> [Data for analysis]:
***
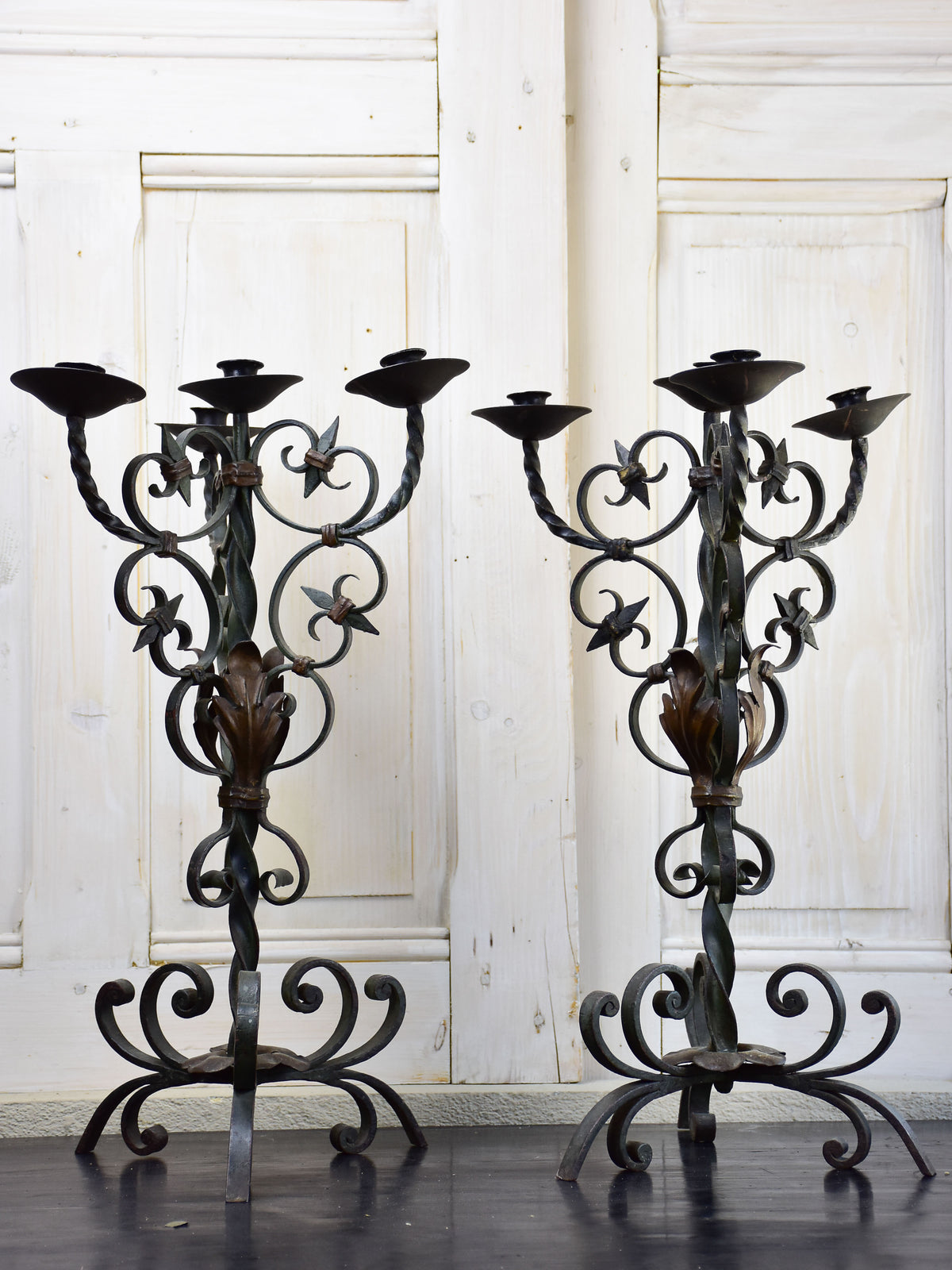 Pair of antique French candlesticks - wrought iron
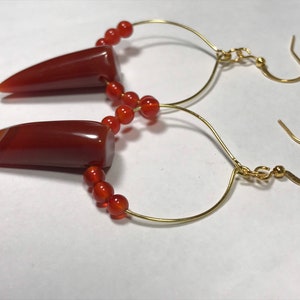 Puede incluir: Un par de pendientes hechos a mano con colgantes de &aacute;gata pulida de color marr&oacute;n rojizo con forma puntiaguda. Los pendientes tienen ganchos dorados curvados y est&aacute;n adornados con peque&ntilde;as cuentas redondas de color naranja. El dise&ntilde;o es sencillo y elegante.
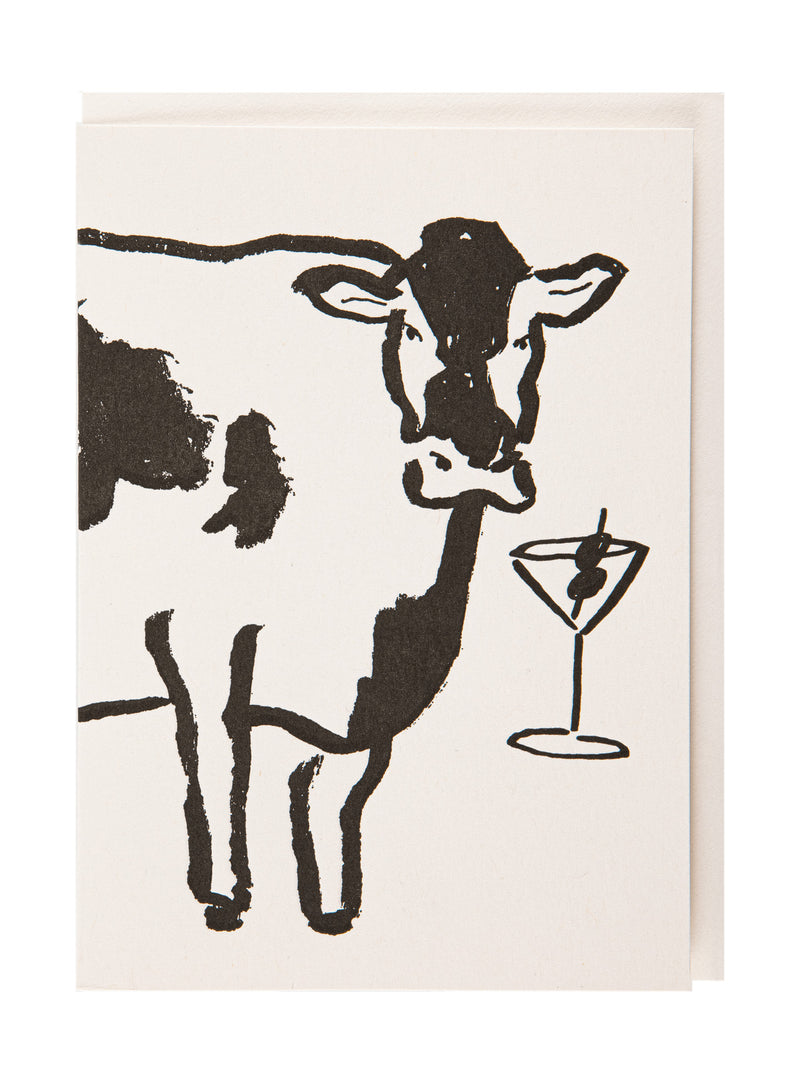 A double greeting card with a minimalist black ink illustration of a cow and a martini glass on an off-white background, shown with an envelope behind it.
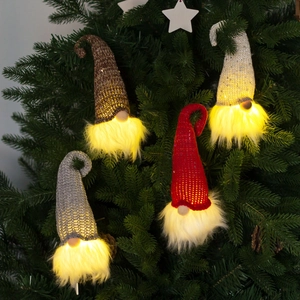 Set of four glowing Christmas gnome ornaments in red, silver, beige on pine tree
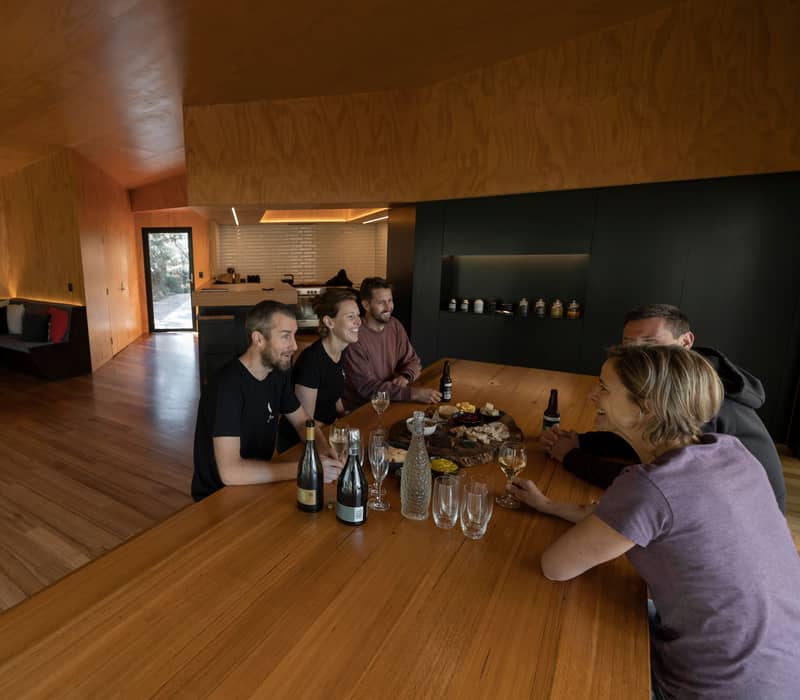People sitting around a large timber table in a modern plywood-lined cabin with a roaring fireplace.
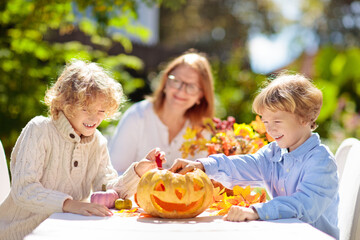 Family carving pumpkin for Halloween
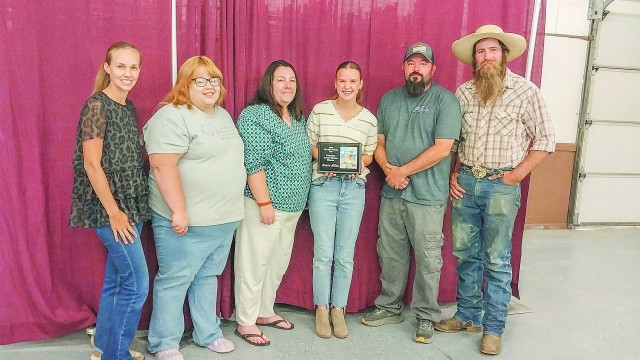 Big Horn County Fair Board members recognize Reece Allen with a plaque. Reece won the fairbook front cover contest for the second year in a row. Barbara Anne Greene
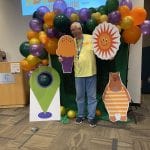 A CPL employee poses with cardboard cut outs in front of a balloon arch at the summer kick off party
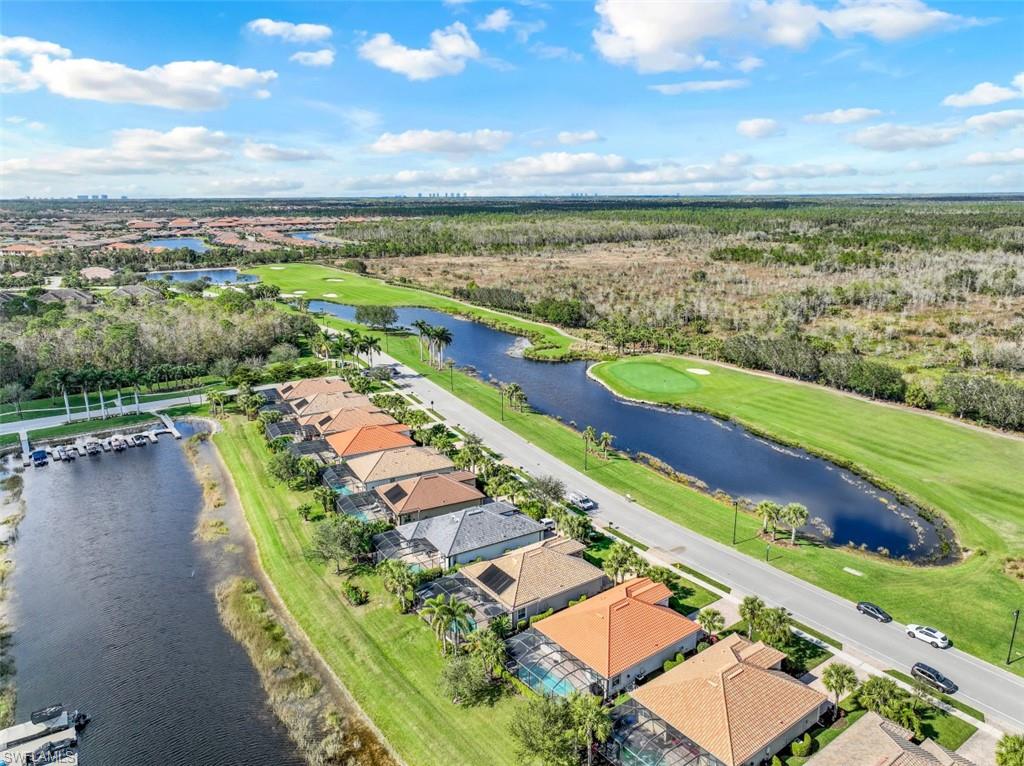 SOUTHERN EXPOSURE/NAVIGABLE LAKE ACCESS PLUS GOLF & WATER VIEWS FROM THE FRONT & REAR OF THIS HOME! LIVE A VACATION LIFESTYLE IN THE QUARRY! This 3 bedroom 2 bath home is in pristine condition. Enjoy the beautiful view of Stone Lake from your expansive lanai. The UPDATED KITCHEN features Counter Height Quartz Countertops and White Cabinets.  Fine appointments include Bamboo Wood Floors in main living area, Crown Molding throughout, Plantation Shutters, Upgraded Light Fixtures, Tray Ceiling in the Owners Suite, Newer Upgraded Carpeting (1 Year) in the Bedrooms plus more!! There is a Built in Queen Size Murphy Bed in the 3rd bedroom to use as a 3rd bedroom/Home Office. As an added protection there are Electric Shutters on the Lanai and the Front Door.  The Quarry is a gated lakefront community offering over 500 acres of lakes for boating, water skiing, paddle boarding, jet skiing, kayaking, and fishing.The Beach Club includes Tennis, Pickleball, Bocce Ball, a Tiki Bar, Restaurant, Pool-Side food/drink service, Fitness Center, and a full-time activities director. The Beach Club is undergoing an $18 million Expansion and Renovation Project which is expected to be completed mid 2023.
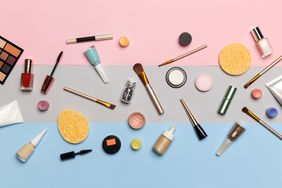 Makeup containers and brushes on a colorful background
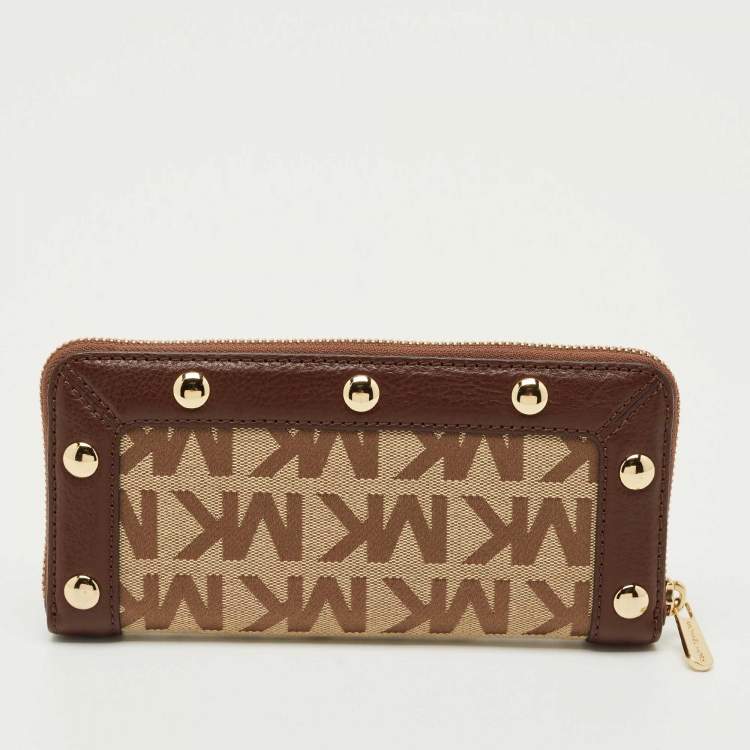 Pre Owned Michael Kors Beige/Dark Brown Signature Canvas and Leather Zip Around Wallet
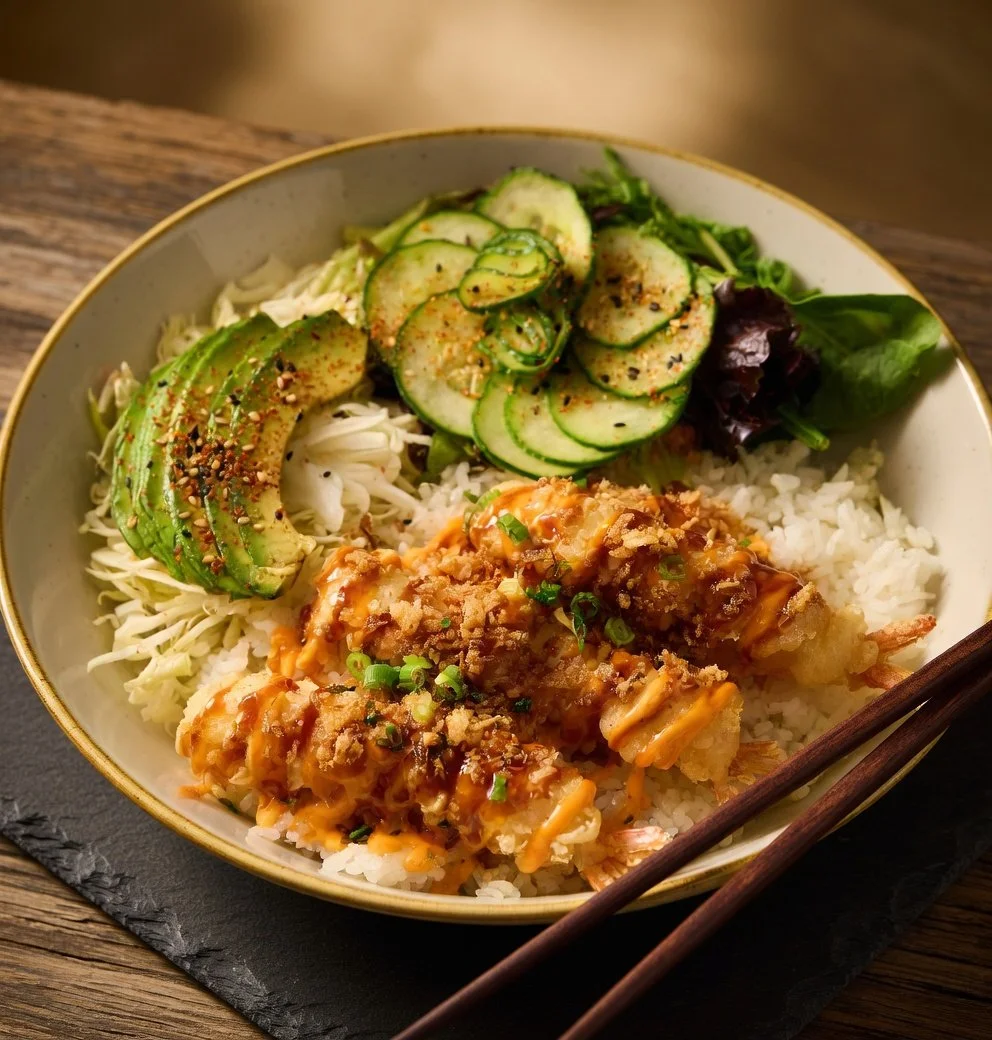 Bowl of Japanese tempura shrimp over rice with sliced cucumbers, avocado, and greens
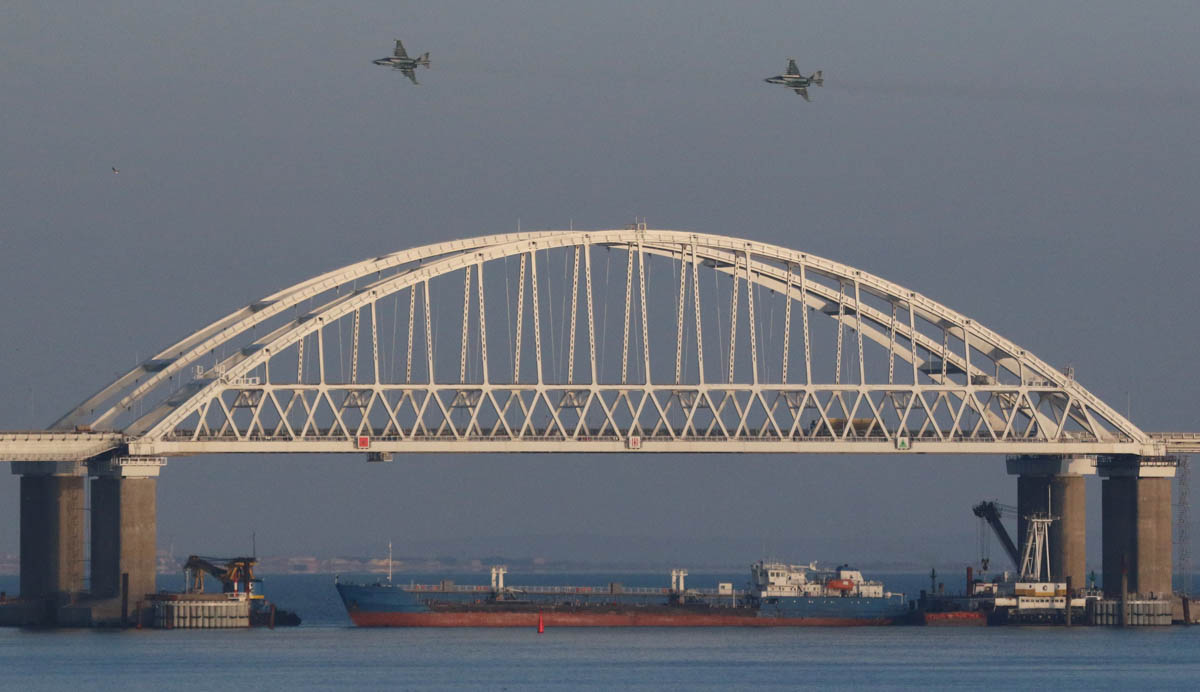 Russian jet fighters fly over a bridge connecting the Russian mainland with the Crimean Peninsula with a cargo ship beneath it after three Ukrainian navy vessels were stopped by Russia from entering t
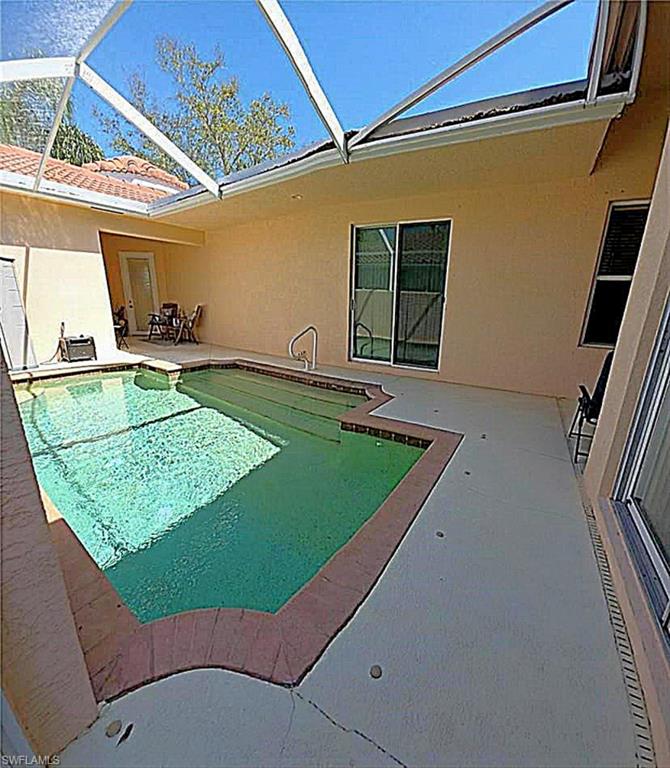 POOL VIEW FRON SCREEN DOOR BY MASTER BEDROOM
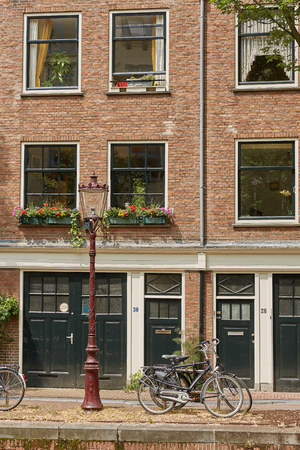 AMSTERDAM, NETHERLANDS - SEPTEMBER 21, 2017: Bicycle as popular way of transport in Amsterdam Netherlands parked and locked in front of traditional house in Holland.のeditorial素材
***
> [Exercise goal]:
Only the lines from the one with "Bowl of Japanese" through the last line above belong in the answer. Reproduce them exactly, without the pictures.

> [Result below]:
 Bowl of Japanese tempura shrimp over rice with sliced cucumbers, avocado, and greens
 Russian jet fighters fly over a bridge connecting the Russian mainland with the Crimean Peninsula with a cargo ship beneath it after three Ukrainian navy vessels were stopped by Russia from entering t
 POOL VIEW FRON SCREEN DOOR BY MASTER BEDROOM
 AMSTERDAM, NETHERLANDS - SEPTEMBER 21, 2017: Bicycle as popular way of transport in Amsterdam Netherlands parked and locked in front of traditional house in Holland.のeditorial素材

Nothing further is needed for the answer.